Thursday, August 4, 2011

deproduction

another month, another day, another week of feeling as though i haven't done enough. the demand to be productive eats into me, and then i rebel by (this week) watching Mad Men into the early hours of most mornings, and then i wake up tired, underslept, and more grumpy about my lack of discipline. my rebellion annoys me, despite such pleasures (i just finished series 4 this morning. so amazingly good).

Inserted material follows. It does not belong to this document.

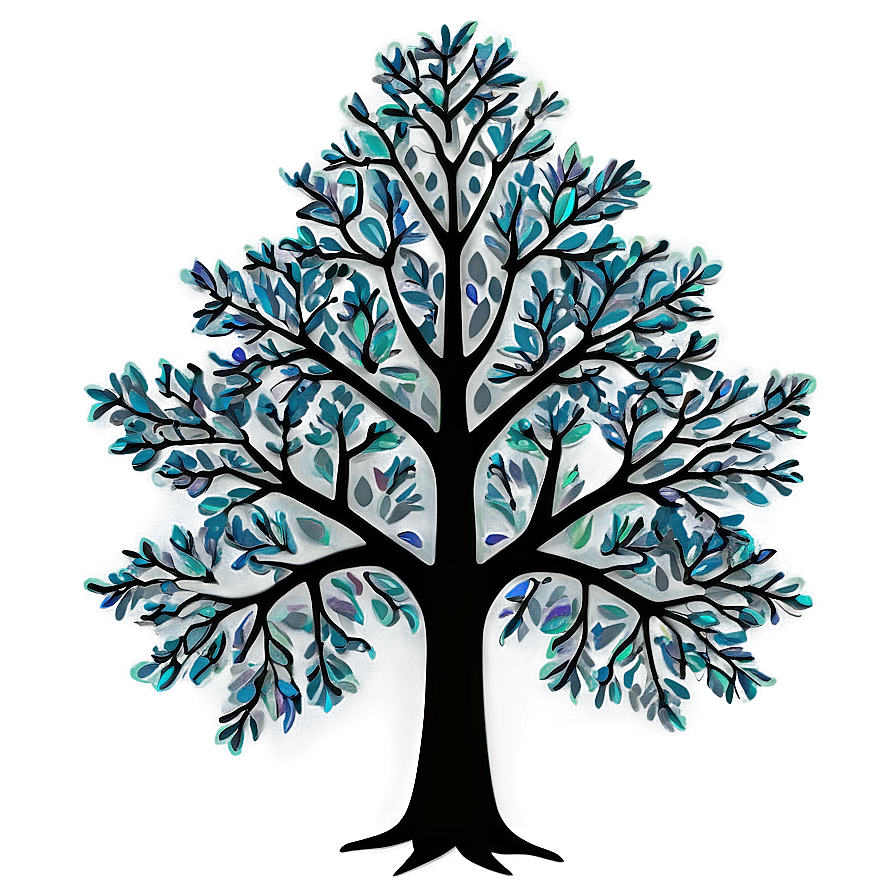 Black Tree Clipart Png Fkc93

so anyway, this is an ongoing cycle of 'self-work' that i do, trying to be productive, coming to resent this, eventually abandoning it and giving in to pleasures, and later feeling like a failed citizen. then i pledge to start over again the next day/week/month. it's boring, i know. it's a central contradiction in my current life, this not wanting to embrace neo-liberalism and its slogans of progress, freedom, individuality, etc. yet at the same time getting entrenched in my own lack of progress, my desire for accomplishment that is measurable (in words, chapters, or a tidy database), and not being able to measure the value of my weeks/days/months beyond certain structures of productivity or achievement. and so i continue beating myself over the head and promising a better future, a 'next week' in which i excel, get things done, move forward, etc. and on it goes, repeat until death.

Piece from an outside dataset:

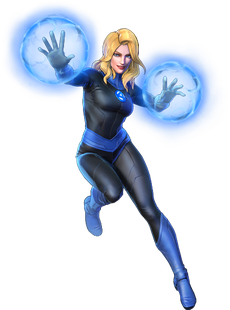 Susan "Sue" Storm-Richards/Invisible Woman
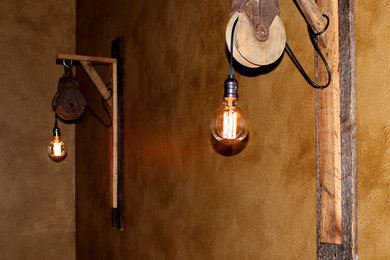 Sconce Pulley Lights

yet, my rebellion does nourish me, and perhaps i need to take note of this. perhaps i can reflect on two hours ago when i sat in the park, in the sunshine, and wrote a postcard to JB. i laid on the grass, re-read his postcard, and wrote with green ink. the ink, the sun, the grass, his words, and my thoughts of him all conspire to make this a beautiful moment. as i'm about to leave the park J calls. i return to sitting in that patch of grass where he tells me of his travels and the books he's read, one of which he will post to me. i ask him what it's like having no fixed address. he sounds happy and this makes me happy.

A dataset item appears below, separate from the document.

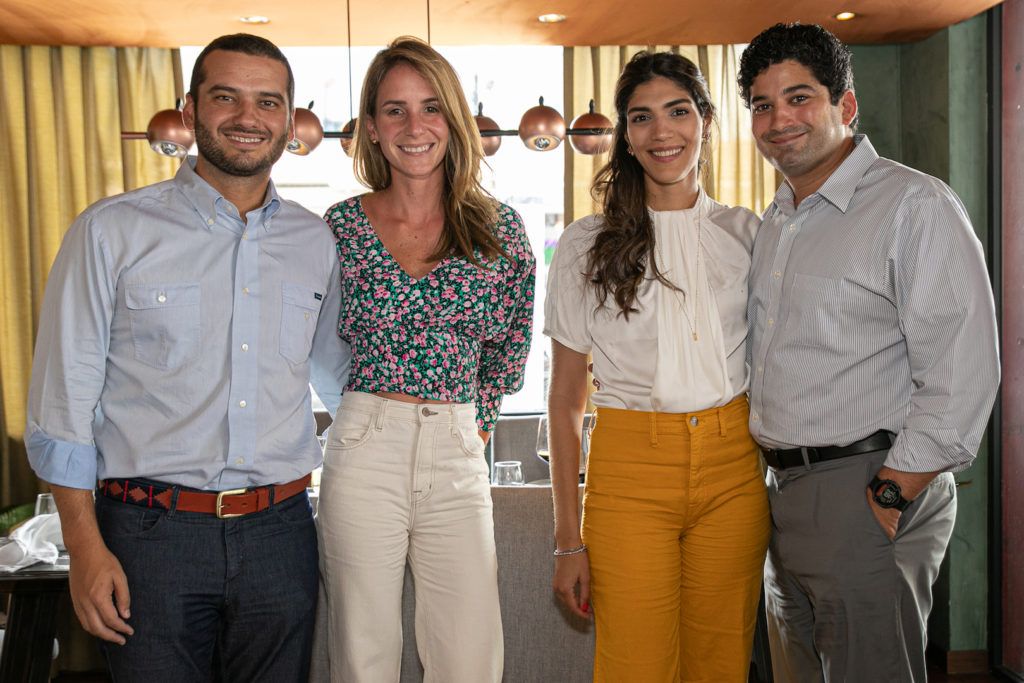 Foto 2. Fernando Villanueva Gabriela Oller Daniela Cruz y Horacio Read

postcards and phone conversations with faraway lovely people, in the park, in the sun. this is a good day. i should be glad that i'm lazy and 'unproductive'. i should see more merit in this sharing of words and time with those i most care about. why should it be that those relationships are to be fostered in 'down time', when one is not working and producing and participating in a more pervasive and dominant economy? what about economies of friendship, love, and caring? why must they be sidelined, and why do i so often accept this as necessary?

like many, i cast my values outside 'dominant cultures' (for want of a better phrase), yet i guess i don't live up to my ideals as much as i think i might. because i fall back onto a need to control, build, and progress my abilities in ways that make me socially and economically legitimate.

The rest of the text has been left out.